● THE DATA:

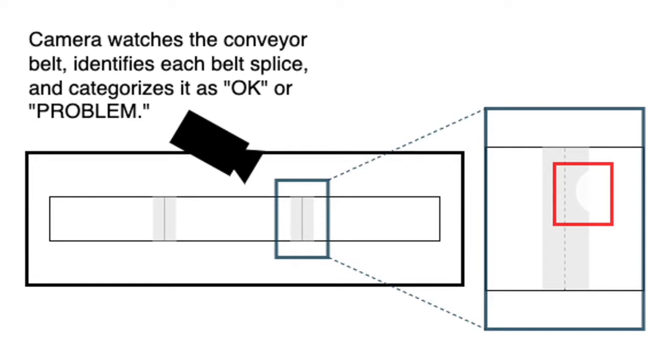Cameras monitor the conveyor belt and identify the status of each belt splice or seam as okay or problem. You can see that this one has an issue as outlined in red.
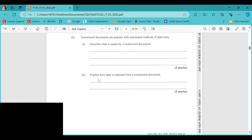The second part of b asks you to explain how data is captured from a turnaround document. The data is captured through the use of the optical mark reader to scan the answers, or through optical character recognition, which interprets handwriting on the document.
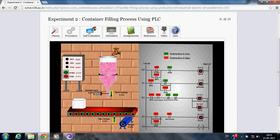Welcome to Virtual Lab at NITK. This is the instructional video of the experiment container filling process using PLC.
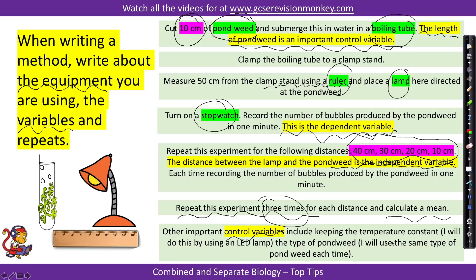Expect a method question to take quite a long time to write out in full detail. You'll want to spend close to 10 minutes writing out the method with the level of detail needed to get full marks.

● ACTIVITY:
Nothing but the lines from the one with "Welcome to Virtual" through the last line of the material above should appear in the answer, each copied exactly, with no pictures.

● RESPONSE AREA:
Welcome to Virtual Lab at NITK. This is the instructional video of the experiment container filling process using PLC.
Expect a method question to take quite a long time to write out in full detail. You'll want to spend close to 10 minutes writing out the method with the level of detail needed to get full marks.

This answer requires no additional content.